Every Laugh’s a window on the void—
crack jokes with me, and by them crack the world’s
facade to show the bedlam underneath!

Rabelais: Humor is no chaos, but the very
drip and flow of everything, the sticky
fluid carrying life up from stodgy
soil to all these many moistening bodies…
humor is our unity, our scope,
our element, our one and only hope
to make disjointed things one whole; to weave
from severed threads a spread ‘neath which to cleave
and there conceive, with giggles and with wiggles,
an unimagined jest; to nimbly wriggle
past the facts of life to breathe its farts
and still to hug it close—now that is art! (17-18)
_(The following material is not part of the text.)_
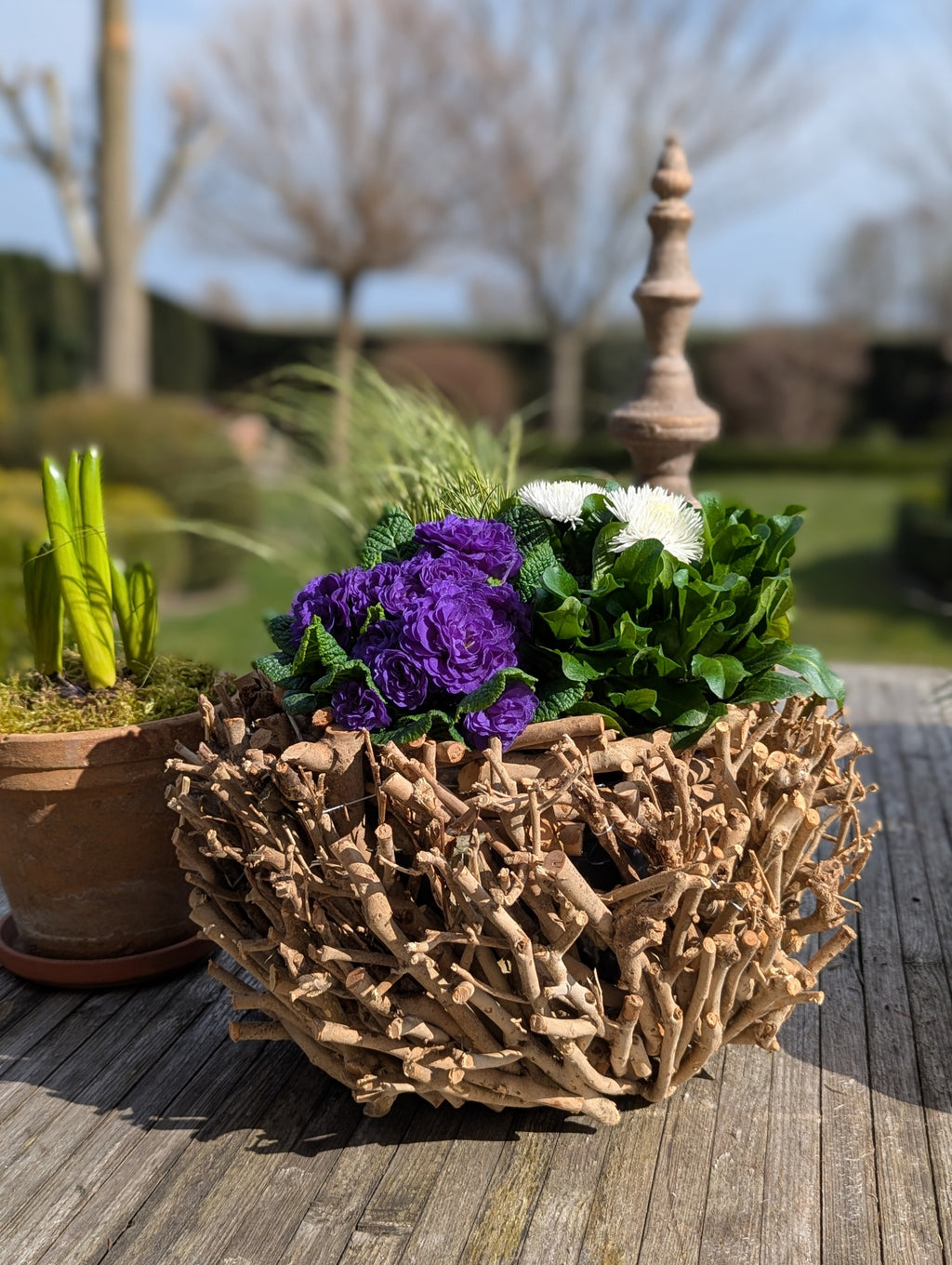 Pflanzkorb Schale Natur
This is the second play in J.C. Scharl’s planned Rabelais trilogy, the first being Sonnez Les Matines. In a sense, this play is another mystery but instead of a “whodunnit” like the first one it examines what constitutes life and how death can be defeated. While the year is not specified, it seems to take place several years after the initial one since he is escaping heresy charges in Paris. Rabelais seems more balanced and restrained here than in Sonnez Les Matines, his comments having even more depth behind their surface humor.

The play opens on the eve of Epiphany, a celebration of the revelation of the Incarnation. Rabelais tramps through the snow of the Champagne region wearing a cape and cap akin to that of a jester’s outfit. He meets an old friend, a Friar who out-bawdies Rabelais, and a young woman who turns out to be Death incarnate. As the storm increases the three head to a nearby house where friends of the Friar are having a celebration. Before arriving there, Rabelais and Death exchange costumes while Death (without revealing herself) states that she is to take a soul before the night is through.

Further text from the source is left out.